NDLR. Aucune organisation n'a à ce jour déconseillé aux voyageurs de se rendre au Kenya. On comprend bien que la principale ressource économique du pays est le tourisme et que bien des " tour-opérateurs " génèrent une grande partie de leur chiffre d'affaire avec le Kenya.Mais disons-le clairement : il ne nous paraît pas raisonnable d'aller actuellement dans ce pays ; nous doutons fort d'ailleurs que les touristes y passent en ce moment des vacances de rêve tant règnent la désorganisation et la panique. Pour ceux qui persisteront à consommer leur " tour " déjà payé et non remboursable, répercutons-leur les conseils de l'OMS : porter des chemises à manches longues et pantalons fermés aux extrémités, utiliser abondamment des répulsifs anti-moustiques, ne dormir que sous moustiquaire imprégnée d'insectides. Et qu'ils soient vaccinés contre tout ce qui est vaccinable'

Hong-Kong : après les poulets, on ne mange plus de poissons

Depuis le milieu du mois de janvier, à Hong-Kong, plusieurs dizaines de patients ont été hospitalisés, victimes de la ciguatera. Dès l'annonce de ces faits par les autorités, la consommation de poissons a chuté dans la nouvelle " région administrative " de la Chine. Les puissantes organisations de pêcheurs hurlent à l'incompétence des autorités et leur proposent ironiquement de procéder à un massacre des poissons similaire à celui des poulets.

Source : ProMED.

NDLR. La ciguatera (ou " gratte " ou ichtyosarcotoxisme), dont nous parlions dans le précédent numéro de VISA, est une intoxication liée à l'ingestion de poissons tropicaux porteurs d'une toxine qui résiste à la cuisson. Habituellement, les poissons à risque sont reconnus par les professionnels, pêcheurs ou restaurateurs : d'où le risque quasi nul pour les voyageurs qui se contentent de manger dans les restaurants. Mais dans le cas présent à Hong Kong, rien ne fut dépisté ; et il ne s'agit pas de malveillance car un restaurateur lui-même est actuellement hospitalisé.
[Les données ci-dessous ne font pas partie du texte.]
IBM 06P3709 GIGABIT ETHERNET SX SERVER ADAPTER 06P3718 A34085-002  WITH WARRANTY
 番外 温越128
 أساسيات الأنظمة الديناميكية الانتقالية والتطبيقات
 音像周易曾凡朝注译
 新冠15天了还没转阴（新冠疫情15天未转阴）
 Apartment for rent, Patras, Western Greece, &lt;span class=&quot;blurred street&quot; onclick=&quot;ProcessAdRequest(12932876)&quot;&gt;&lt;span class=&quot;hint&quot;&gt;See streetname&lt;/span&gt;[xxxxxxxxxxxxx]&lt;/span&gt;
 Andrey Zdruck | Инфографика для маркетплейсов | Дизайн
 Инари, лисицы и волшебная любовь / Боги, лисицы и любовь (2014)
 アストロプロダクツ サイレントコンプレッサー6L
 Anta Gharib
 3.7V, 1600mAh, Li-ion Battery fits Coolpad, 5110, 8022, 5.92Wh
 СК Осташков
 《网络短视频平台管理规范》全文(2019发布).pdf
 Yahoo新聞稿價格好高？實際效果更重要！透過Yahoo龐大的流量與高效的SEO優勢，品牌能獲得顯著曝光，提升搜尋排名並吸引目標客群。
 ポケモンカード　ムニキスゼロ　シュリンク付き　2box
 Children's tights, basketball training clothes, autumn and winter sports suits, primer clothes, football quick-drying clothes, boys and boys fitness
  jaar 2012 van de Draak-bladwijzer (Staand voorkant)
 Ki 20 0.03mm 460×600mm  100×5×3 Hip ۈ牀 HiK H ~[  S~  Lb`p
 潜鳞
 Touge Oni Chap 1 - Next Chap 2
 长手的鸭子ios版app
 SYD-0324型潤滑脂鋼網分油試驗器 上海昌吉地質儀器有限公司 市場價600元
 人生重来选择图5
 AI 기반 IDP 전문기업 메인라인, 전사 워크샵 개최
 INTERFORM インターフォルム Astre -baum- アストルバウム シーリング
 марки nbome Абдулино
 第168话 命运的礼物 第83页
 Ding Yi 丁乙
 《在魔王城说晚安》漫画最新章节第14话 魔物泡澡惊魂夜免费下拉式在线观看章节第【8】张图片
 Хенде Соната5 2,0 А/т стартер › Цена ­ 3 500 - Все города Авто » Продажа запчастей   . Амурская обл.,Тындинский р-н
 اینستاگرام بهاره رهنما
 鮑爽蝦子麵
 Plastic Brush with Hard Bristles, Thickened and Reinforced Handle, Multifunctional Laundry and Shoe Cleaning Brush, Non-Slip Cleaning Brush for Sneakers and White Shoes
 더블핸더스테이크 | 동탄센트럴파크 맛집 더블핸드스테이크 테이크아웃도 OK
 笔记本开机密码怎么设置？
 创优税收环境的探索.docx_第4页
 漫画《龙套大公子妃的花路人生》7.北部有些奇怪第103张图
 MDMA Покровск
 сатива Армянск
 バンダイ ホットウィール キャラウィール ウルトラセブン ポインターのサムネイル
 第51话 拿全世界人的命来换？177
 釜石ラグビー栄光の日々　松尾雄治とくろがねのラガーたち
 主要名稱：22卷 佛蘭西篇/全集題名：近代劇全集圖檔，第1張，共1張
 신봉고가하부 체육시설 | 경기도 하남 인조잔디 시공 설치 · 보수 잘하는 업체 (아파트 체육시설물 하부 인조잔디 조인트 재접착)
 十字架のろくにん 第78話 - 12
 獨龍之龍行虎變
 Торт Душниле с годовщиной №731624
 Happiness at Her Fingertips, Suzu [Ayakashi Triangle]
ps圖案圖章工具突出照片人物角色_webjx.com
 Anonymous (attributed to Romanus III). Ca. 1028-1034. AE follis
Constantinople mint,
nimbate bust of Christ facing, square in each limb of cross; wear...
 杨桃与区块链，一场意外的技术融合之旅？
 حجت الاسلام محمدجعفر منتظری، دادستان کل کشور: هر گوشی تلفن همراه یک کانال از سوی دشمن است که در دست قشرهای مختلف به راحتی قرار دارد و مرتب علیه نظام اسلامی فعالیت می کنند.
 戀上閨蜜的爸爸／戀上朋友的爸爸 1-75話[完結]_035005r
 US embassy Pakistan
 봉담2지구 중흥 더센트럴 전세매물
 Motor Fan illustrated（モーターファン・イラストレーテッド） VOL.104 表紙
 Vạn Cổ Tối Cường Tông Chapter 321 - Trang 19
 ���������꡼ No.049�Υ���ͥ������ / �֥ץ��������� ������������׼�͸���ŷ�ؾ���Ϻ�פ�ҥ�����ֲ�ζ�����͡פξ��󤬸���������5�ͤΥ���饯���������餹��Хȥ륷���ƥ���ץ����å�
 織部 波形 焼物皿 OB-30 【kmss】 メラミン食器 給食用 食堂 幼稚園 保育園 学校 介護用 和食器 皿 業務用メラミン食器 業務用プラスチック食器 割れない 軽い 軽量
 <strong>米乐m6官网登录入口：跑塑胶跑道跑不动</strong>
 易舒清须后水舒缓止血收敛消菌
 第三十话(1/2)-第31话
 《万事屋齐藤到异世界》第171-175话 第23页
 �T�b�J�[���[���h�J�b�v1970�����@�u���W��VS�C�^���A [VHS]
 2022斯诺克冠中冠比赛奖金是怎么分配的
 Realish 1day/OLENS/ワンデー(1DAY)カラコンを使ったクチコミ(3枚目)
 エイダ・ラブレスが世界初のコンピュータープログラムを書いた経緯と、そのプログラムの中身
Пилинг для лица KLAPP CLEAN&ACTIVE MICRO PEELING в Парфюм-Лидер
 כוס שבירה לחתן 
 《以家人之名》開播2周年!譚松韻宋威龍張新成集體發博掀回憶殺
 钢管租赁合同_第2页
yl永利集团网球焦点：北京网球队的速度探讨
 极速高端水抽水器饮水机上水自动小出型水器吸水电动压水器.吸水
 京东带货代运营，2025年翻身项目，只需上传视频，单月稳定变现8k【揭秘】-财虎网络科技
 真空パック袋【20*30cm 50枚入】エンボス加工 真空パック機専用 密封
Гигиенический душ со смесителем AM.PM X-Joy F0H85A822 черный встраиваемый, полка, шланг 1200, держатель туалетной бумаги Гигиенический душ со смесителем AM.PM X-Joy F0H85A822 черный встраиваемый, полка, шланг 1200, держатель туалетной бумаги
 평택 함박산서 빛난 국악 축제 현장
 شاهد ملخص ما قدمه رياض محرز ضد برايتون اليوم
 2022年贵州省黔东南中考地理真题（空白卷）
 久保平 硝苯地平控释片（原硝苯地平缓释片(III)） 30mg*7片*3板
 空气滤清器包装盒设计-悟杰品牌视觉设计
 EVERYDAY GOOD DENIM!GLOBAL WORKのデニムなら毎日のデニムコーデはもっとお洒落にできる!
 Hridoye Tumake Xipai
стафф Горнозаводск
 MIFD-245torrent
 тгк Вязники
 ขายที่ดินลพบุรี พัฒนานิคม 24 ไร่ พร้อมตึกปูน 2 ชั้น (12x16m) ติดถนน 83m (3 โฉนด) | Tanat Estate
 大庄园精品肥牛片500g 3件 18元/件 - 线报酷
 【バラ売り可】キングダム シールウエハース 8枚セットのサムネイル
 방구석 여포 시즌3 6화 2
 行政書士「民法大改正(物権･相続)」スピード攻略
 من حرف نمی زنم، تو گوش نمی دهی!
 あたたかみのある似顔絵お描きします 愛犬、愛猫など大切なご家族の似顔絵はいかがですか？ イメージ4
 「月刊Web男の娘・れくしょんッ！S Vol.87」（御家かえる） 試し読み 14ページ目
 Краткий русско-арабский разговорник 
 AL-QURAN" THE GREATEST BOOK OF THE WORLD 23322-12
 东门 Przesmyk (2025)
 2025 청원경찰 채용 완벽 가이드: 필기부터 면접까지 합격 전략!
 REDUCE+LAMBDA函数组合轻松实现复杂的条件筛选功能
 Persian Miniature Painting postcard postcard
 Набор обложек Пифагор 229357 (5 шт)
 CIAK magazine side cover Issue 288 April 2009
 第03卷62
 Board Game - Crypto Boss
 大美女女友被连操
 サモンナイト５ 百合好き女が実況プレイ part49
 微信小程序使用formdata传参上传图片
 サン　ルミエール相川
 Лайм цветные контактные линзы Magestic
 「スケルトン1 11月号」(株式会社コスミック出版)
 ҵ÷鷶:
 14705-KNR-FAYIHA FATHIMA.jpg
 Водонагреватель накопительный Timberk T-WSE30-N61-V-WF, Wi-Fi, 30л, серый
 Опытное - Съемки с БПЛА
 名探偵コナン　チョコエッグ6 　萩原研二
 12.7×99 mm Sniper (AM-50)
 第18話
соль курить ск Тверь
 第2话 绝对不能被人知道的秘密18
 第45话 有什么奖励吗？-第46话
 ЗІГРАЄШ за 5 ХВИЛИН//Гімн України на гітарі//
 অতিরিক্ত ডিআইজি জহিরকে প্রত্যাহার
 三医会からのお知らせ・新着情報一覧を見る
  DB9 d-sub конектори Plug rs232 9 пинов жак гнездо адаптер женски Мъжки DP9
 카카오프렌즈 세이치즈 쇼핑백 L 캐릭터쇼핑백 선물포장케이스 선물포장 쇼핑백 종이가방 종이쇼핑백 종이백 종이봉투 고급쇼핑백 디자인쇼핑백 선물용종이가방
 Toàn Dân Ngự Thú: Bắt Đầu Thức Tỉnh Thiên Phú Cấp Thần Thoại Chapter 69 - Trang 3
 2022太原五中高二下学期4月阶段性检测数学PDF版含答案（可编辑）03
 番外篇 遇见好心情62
Obligations vaccinales pour le pèlerinage à La Mecque

1) Pèlerins en provenance du monde entier. Vaccination contre la méningite A+C datant de moins de 3 ans et de plus de 10 jours.

2) Tous les voyageurs en provenance d'un pays d'endémicité amarile (cf VISA n°5): vaccination fièvre jaune datant de moins de 10 ans et de plus de 10 jours.

3) Tous les voyageurs en provenance de l'ex-URSS : vaccination contre la diphtérie et certificat attestant qu'ils ont reçu une dose de benzathine pénicilline.

Source : OMS

NDLR. Ces dispositions, unilatéralement prises par les autorités saoudiennes, sont rapportées par l'OMS qui en prend acte mais ne les cautionne pas. Les médecins amenés à voir les candidats pèlerins doivent veiller à rédiger très minutieusement leur certificat (seulement en arabe, en anglais ou -merci !- en français) car, disent les textes saoudiens, si l'authenticité du certificat de vaccination prête au doute, le titulaire du document sera revacciné. Le détail de ces dispositions est donné par le Relevé épidémiologique hebdomadaire de l'OMS (1998 ; 1/2 : 4-6).Le pèlerinage (Hadj) commencera au début du mois de mars.